CAPE CANAVERAL, Fla. (Reuters) - Amazon founder Jeff Bezos said on Tuesday his space transportation company, Blue Origin, plans about two more years of test flights before it will offer rides to passengers.

On Monday, Blue Origin successfully landed a suborbital rocket back at its launch site, a key step in its drive to make reusable rockets, the company said.

“This flight retired a lot of risk and validated of lot of the elements of the design,” Bezos, who founded Amazon.com Inc and owns the Washington Post newspaper, said in an interview.

Being able to refly a rocket will slash launch costs, a game-changer for the space industry, Bezos said.

“When you lower the cost of access to space very significantly you will change the markets, you will change what’s possible,” he said.

About two more years of test flights are planned before people will ride on the New Shepard spacecraft, Bezos said.

The vehicles are designed to carry six passengers about 62 miles (100 km) above Earth, breaching the boundary between the atmosphere and space. “We’ll enter into commercial operations when we’re ready. In my view, if you can think of another test to do, you do it,” Bezos said.

A New Shepard rocket blasted off from Blue Origin’s West Texas launch site at 12:21 p.m. CST (1821 GMT) on Monday, reached a suborbital altitude of 62 miles (100 km) and landed back at the launch site eight minutes later.

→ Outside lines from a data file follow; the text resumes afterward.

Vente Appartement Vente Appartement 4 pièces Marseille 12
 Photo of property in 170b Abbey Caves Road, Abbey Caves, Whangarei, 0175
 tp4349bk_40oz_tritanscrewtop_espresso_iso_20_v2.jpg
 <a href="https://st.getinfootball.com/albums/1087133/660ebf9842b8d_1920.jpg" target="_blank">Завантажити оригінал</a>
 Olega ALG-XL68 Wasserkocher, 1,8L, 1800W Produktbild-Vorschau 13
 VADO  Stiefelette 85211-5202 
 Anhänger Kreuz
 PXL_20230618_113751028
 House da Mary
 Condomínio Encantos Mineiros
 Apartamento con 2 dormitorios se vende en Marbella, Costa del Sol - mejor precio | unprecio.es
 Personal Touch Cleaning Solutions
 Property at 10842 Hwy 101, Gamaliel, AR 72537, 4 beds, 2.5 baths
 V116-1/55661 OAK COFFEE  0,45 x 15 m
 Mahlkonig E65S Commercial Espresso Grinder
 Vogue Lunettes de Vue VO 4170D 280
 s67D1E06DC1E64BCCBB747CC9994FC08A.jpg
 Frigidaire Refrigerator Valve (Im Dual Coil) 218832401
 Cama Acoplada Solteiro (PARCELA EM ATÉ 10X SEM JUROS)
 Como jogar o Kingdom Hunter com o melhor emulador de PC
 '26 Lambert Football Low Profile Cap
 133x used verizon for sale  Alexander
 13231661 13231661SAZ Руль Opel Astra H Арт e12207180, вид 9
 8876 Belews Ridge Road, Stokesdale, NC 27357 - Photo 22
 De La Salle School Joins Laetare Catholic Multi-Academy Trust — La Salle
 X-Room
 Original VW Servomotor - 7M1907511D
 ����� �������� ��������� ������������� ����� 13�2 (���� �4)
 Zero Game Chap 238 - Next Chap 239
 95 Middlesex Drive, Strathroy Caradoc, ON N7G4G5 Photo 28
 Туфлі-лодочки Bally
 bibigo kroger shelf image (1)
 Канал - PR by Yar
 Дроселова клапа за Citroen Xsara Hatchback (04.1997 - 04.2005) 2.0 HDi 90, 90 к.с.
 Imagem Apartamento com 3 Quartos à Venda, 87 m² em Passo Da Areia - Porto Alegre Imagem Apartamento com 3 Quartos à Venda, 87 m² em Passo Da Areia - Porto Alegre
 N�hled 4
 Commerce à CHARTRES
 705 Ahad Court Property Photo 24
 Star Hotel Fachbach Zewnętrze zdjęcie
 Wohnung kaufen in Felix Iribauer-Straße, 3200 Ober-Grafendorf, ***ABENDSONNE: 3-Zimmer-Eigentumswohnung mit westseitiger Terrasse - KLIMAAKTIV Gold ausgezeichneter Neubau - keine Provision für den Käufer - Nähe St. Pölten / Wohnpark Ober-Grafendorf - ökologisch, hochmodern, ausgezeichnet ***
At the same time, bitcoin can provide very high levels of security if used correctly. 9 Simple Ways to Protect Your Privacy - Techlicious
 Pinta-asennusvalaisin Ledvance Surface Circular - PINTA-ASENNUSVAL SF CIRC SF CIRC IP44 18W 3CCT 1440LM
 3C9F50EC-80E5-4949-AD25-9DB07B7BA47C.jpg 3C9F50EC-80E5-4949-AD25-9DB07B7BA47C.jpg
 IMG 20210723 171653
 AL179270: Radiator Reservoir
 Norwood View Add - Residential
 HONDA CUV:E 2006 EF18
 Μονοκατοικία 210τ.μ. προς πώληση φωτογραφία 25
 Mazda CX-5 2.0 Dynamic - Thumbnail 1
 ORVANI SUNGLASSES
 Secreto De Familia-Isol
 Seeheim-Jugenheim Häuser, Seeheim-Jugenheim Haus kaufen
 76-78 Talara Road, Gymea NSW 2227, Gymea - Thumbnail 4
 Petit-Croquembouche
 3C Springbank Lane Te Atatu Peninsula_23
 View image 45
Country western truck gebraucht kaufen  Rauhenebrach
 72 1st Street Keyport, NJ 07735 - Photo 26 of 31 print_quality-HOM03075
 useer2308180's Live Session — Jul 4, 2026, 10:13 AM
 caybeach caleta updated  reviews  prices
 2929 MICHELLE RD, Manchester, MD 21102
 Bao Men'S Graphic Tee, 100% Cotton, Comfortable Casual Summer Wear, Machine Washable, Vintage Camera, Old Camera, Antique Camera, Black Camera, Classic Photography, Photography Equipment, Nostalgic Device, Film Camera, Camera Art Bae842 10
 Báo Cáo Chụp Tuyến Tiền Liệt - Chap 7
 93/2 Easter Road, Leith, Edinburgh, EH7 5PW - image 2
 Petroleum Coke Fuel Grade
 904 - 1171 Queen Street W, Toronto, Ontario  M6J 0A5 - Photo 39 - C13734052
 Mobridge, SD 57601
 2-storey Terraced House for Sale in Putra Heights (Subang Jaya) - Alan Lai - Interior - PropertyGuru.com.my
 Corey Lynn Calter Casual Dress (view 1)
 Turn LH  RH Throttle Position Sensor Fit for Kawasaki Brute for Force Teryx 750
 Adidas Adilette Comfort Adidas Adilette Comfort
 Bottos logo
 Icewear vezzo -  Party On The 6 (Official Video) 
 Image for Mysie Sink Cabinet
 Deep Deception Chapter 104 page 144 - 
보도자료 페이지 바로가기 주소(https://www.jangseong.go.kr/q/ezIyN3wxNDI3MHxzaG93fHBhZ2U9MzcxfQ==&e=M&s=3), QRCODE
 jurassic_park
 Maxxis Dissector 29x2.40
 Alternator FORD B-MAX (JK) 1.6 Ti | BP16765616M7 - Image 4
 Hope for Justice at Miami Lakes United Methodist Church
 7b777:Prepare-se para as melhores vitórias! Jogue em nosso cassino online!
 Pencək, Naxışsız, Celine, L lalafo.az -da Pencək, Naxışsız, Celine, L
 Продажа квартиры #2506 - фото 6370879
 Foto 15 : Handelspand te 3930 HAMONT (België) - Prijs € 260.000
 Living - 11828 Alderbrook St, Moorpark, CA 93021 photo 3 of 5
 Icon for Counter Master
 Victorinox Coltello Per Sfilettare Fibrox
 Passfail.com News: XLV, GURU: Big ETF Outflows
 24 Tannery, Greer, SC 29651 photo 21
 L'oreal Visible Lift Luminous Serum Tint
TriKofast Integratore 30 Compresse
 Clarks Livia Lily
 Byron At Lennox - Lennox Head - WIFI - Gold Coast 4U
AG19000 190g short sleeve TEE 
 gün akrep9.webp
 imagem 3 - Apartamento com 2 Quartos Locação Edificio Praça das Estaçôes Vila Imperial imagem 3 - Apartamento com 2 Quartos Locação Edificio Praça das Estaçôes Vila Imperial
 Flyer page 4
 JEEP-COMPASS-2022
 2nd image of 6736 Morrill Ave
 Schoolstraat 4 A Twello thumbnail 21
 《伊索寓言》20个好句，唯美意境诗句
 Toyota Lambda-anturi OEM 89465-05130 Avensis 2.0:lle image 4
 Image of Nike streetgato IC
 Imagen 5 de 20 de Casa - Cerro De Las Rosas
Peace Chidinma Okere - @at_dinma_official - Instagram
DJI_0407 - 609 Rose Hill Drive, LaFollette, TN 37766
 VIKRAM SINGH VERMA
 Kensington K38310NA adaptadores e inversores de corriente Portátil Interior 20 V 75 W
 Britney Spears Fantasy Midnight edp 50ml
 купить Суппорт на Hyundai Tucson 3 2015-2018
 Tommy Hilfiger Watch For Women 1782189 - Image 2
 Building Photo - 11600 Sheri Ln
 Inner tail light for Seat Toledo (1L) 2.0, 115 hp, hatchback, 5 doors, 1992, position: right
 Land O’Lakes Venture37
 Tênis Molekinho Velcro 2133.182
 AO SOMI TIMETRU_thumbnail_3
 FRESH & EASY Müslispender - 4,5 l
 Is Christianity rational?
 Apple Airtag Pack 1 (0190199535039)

In suborbital spaceflight, rockets are not traveling fast enough to reach the speed required to counter the pull of Earth's gravity, so they re-enter the atmosphere like a ballistic missile.

Another New Shepard rocket failed its first landing attempt in April due to a hydraulic system problem. The redesigned system now includes a backup second pump.

Attempts by fellow billionaire entrepreneur Elon Musk's rival rocket company, Space Exploration Technologies (SpaceX), to return the first stage of a Falcon 9 rocket have been unsuccessful so far.

Blue Origin also is developing a rocket engine in partnership with United Launch Alliance (ULA), a joint venture of Lockheed Martin Corp and Boeing Co, to replace Russian-made RD-180 engines used on ULA’s Atlas 5 boosters.

Congress last year banned the use of the RD-180 engines for military missions to punish Russia for its annexation of the Crimea region of Ukraine.

(This version of the story has been refiled to add dropped words, "said in an interview," in third paragraph)

(Editing by Jeffrey Benkoe)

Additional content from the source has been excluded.